Don't get me wrong, as a Data Quality Lead myself, I thrive to improve the data. I pushed very hard at times to do as much as possible to improve the data during conversion so the bad data wouldn't "pollute" the new system. But you have to prioritize.

Above, I mentioned it might not always be possible or desirable to clean the data during conversion. Fitting the possible category are schedule, technical expertise, or feasibility. Less obvious is the desirable category. One might wonder: isn't it always desirable to cleanse the data as early as possible? It depends. The new system might provide a better infrastructure and better tools to achieve the task. Here is an example: the Oracle CDH provides a party merge function. A party could be a company, person, prospect, etc. When merging two parties, the Oracle built-in function will also move all associated entities and transactions from the merged party into the surviving party while maintaining data integrity. Replicating this logic during conversion could be time consuming and redundant effort.

Data Migration Approach

Next picture depicts our overall data migration approach (click on the picture to enlarge).

A staging area is used to store intermediate results before data is transferred to the Customer Data Hub (CDH). We use two primary schemas in staging. One called Staging 1, and the other Staging 2.

The table structure of Staging 1 is very generic, and can easily accommodate the data from the source systems. For that reason, a very small transformation is required to bring data into Staging 1. This is done for a reason. Very few users have access to the Source Systems. It is much less intrusive to bring the data over without much change into the staging first. That way, we don't impact performance of the still operational systems, or risk corrupting any data. Staging 1 becomes the source for data profiling, isolated from the "live" systems.

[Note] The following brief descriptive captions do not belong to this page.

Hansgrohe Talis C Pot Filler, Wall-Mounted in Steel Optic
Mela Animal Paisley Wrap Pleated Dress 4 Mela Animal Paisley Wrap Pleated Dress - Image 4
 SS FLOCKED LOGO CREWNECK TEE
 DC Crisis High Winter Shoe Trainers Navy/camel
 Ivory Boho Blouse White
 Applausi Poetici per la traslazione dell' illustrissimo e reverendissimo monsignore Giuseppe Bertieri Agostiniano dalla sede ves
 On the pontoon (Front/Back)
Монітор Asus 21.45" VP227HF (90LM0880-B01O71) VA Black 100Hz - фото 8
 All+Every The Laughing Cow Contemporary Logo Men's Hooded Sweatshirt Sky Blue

The table structure of Staging 2 is very similar to the final one. That means the bulk of the transformation happens between Staging 1 and 2 while the transformation between Staging 2 and the CDH is very minimum again.

Next diagram depicts what happens between Staging 1 and 2 (click on the picture to enlarge).

As I mentioned, that's where most of the transformation takes place. That's where we apply Data Quality improvements, such as data cleansing, standardization, consolidation, and enrichment.

DataFlux dfPower Studio is a critical component in the conversion. DataFlux is used to profile the data in Staging 1 and help determine where the attributes fall into the following categories:
A1 - attributes to be migrated
A2 - attributes to be cleansed
A3 - attributes to be consolidated
A4 - attributes to be cleansed and consolidated

Upon such determination, DataFlux is employed to perform data cleansing where needed. Dun & Bradstreet (D&B) is also utilized to enrich the data, and facilitate data de-duplication later.

Once data cleansing is complete, intermediate data is classified as:
B1 - attributes to be migrated
B2 - attributes to be consolidated

Another round of DataFlux is in place to de-duplicate the data. Initially, the DataFlux process is very interactive, with manual intervention, profiling, and validation until a solid set of rules is in place.

The final result is the following set of data, cleansed and consolidated:
C1 - attributes to be migrated


Data migration can be quite complex depending on number of systems to convert, disparity among them, and volume of data.

Decide on a conversion strategy and on a target data quality improvement. From a data quality perspective, prioritize your list and have a clear set of measurable and achievable goals. Be specific and reasonable. A lot of times you have to decide not only what to cleanse but how much to cleanse. For certain data elements, you may have to achieve 99.9% quality, but for others, maybe 80% will suffice. Data quality should always be driven by the business. If it doesn't benefit the business, it has no purpose.

Make sure you manage expectations appropriately and communicate, communicate, and communicate!! Believe me, no matter how much you do, somebody later will say they were not aware.

Last, but not least, profile the data! Understanding your data is critical and will avoid many problems later.